Pharmaceutical companies go to great effort to ensure that doctors think of brand-name products when they pull out their prescription pads. While the most visible part of that effort is a barrage of television ads, companies spend more money addressing doctors directly. Makers of brand-name drugs employ more than 90,000 salespeople in the U.S. at a cost of more than $12 billion a year, according to Amundsen Group, an industry consulting firm.

These "detailers," so called because they can recite drug facts from memory, crowd into doctors' offices, handing out pens and notepads emblazoned with brand logos and hoping to corner the doctors for a minute or two to deliver a sales pitch.

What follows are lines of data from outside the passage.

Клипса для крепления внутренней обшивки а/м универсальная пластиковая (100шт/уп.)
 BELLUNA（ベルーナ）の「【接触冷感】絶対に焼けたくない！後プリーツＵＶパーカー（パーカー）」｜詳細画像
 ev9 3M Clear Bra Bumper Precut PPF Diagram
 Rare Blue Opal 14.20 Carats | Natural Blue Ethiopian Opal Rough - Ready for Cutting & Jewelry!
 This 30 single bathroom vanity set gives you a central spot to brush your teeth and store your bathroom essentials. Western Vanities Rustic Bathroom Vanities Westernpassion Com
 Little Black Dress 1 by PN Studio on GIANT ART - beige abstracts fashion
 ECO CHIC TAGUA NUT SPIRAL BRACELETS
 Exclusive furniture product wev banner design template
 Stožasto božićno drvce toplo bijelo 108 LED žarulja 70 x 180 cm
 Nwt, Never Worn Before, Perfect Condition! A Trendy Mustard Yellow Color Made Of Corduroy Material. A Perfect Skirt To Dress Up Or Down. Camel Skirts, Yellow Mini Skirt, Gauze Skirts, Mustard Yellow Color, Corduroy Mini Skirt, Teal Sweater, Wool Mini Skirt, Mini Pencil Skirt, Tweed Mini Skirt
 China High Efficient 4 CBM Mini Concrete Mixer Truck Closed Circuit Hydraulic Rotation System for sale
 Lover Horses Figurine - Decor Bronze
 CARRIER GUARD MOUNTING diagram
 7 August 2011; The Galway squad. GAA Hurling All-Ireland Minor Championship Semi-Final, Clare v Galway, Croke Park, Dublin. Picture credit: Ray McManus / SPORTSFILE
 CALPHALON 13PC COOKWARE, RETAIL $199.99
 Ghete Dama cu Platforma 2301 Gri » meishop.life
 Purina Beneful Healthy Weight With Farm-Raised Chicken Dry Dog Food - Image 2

Companies track doctors' habits by purchasing data collected when pharmacies fill prescriptions. A company knows which doctors are friendliest toward its drugs -- and which salespeople are the most effective.

Now a wave of generic alternatives to some of the nation's best-selling drugs is sweeping into pharmacies as old patents expire. Generic copies of Merck & Co.'s blockbuster cholesterol drug Zocor will go on sale in June and could be prescribed in place of Pfizer's branded drug, Lipitor, the industry's No. 1 seller with 2005 U.S. sales of $7.4 billion. But generic companies don't have huge sales forces behind their products.

That's one reason some organizations are fielding their own representatives to make sure the new generics and other alternatives to brand-name drugs are getting used. At Kaiser Permanente, the big California health-maintenance organization, one part of a broad doctor-education program looks for doctors who seem to be overprescribing or underprescribing certain pills. Kaiser then sends pharmacists or senior doctors to advise these outliers.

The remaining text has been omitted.